**Crawled caption data:**

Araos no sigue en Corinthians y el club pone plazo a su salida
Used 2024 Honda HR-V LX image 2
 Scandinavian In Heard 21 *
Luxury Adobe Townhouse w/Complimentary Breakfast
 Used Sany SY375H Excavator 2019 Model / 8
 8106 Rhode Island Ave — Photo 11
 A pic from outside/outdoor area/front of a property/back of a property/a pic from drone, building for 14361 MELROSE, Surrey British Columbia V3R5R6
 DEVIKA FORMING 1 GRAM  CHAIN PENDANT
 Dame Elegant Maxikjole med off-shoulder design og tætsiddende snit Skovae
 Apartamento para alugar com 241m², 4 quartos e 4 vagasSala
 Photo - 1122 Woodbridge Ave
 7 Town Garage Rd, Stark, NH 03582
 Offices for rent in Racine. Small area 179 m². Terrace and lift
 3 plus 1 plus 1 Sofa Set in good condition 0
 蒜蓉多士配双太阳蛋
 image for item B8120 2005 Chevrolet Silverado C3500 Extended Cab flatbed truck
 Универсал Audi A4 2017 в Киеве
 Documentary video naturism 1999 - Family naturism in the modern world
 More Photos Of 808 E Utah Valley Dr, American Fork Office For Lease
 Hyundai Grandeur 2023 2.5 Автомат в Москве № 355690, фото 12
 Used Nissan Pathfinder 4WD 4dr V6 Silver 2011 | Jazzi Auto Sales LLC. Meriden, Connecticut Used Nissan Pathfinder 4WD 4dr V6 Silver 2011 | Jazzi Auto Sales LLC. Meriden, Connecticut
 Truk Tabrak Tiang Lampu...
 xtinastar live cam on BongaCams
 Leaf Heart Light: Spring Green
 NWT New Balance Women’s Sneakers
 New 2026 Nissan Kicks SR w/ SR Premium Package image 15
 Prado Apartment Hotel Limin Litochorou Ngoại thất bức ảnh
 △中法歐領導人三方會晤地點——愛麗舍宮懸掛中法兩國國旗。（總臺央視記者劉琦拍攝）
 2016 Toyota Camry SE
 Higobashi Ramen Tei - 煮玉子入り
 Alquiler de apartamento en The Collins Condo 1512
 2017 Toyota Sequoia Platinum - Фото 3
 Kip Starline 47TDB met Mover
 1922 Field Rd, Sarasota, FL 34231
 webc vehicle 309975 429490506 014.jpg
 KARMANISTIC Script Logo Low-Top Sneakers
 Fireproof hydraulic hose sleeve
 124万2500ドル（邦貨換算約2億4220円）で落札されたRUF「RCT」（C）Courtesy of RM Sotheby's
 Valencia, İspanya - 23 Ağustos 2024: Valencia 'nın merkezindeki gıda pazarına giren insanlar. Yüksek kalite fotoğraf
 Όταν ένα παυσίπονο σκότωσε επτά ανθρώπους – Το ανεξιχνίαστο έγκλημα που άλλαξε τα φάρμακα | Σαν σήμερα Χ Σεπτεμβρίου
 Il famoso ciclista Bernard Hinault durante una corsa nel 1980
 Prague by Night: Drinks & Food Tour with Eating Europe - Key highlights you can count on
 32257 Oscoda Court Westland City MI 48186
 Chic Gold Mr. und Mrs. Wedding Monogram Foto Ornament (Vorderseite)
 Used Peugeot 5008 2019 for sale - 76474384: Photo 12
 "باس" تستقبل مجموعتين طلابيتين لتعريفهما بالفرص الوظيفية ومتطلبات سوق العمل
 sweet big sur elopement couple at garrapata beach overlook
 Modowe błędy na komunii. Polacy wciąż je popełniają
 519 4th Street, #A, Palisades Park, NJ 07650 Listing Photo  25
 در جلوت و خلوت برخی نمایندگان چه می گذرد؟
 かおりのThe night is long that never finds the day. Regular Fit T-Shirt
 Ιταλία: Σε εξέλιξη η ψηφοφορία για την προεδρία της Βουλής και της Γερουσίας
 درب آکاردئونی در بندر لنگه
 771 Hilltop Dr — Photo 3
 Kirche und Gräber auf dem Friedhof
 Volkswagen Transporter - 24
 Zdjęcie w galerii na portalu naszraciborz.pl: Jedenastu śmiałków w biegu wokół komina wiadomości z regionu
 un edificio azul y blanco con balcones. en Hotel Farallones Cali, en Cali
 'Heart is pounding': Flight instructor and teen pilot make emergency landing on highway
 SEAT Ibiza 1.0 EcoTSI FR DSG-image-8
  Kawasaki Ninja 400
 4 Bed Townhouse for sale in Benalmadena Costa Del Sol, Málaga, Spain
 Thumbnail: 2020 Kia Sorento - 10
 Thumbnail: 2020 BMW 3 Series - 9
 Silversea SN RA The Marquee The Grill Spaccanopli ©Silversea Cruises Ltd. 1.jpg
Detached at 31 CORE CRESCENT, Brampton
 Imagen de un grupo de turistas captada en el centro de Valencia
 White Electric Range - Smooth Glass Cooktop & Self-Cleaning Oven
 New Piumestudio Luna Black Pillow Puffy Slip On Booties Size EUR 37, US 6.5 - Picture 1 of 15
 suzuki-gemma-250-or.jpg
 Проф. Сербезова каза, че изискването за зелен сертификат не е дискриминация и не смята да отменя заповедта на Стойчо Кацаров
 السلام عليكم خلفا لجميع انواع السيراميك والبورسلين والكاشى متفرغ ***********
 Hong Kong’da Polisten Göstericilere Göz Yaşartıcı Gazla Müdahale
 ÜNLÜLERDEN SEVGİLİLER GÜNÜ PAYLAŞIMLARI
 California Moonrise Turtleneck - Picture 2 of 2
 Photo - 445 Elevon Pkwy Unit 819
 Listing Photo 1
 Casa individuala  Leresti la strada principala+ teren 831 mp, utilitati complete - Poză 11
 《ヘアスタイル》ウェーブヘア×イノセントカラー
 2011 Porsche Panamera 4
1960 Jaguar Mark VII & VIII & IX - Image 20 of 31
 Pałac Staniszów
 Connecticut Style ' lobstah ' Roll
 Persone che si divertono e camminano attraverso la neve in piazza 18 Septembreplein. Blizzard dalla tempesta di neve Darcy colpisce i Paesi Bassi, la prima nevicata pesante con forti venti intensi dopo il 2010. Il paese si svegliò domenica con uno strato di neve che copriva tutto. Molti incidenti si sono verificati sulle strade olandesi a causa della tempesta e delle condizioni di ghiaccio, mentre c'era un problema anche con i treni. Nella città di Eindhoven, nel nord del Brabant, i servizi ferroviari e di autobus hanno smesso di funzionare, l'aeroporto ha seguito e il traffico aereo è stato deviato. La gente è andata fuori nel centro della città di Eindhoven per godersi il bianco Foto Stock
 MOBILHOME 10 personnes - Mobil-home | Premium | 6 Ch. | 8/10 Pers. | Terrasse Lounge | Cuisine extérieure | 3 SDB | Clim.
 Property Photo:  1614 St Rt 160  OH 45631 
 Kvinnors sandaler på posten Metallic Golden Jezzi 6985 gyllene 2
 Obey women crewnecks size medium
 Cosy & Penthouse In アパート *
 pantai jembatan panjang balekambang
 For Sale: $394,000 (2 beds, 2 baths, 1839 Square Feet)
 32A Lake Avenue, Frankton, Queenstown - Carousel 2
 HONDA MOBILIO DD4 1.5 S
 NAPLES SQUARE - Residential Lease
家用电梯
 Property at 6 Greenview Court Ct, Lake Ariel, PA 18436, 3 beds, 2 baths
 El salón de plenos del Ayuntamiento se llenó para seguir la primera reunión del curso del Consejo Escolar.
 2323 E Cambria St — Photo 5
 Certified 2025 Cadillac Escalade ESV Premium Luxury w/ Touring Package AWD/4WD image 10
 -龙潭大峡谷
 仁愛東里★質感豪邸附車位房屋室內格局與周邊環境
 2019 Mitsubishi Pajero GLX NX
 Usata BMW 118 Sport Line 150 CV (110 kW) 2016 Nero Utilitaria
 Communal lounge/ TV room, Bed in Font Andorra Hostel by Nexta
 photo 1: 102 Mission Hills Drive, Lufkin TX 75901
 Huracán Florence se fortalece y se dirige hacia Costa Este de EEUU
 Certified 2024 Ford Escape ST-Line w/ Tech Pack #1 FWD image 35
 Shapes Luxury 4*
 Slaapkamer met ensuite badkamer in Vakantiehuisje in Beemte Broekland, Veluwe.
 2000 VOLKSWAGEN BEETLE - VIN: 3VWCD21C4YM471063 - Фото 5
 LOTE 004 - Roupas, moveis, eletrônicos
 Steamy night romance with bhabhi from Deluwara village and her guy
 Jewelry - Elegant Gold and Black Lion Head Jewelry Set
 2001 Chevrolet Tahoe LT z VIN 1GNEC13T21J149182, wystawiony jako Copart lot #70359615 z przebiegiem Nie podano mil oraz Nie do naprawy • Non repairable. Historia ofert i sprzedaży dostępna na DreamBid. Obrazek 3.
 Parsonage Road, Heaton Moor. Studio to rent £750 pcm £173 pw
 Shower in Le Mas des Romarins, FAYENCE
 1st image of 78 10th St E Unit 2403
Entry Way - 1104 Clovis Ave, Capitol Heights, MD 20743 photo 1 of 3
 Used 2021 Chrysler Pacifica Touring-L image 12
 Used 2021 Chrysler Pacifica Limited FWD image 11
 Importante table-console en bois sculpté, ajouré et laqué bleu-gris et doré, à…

**Work to be completed:**
Above are the records. Copy the lines beginning at the one that has "Shapes Luxury 4*" and ending with the one that has "Jewelry - Elegant", unchanged.

**Solution for this problem:**
 Shapes Luxury 4*
 Slaapkamer met ensuite badkamer in Vakantiehuisje in Beemte Broekland, Veluwe.
 2000 VOLKSWAGEN BEETLE - VIN: 3VWCD21C4YM471063 - Фото 5
 LOTE 004 - Roupas, moveis, eletrônicos
 Steamy night romance with bhabhi from Deluwara village and her guy
 Jewelry - Elegant Gold and Black Lion Head Jewelry Set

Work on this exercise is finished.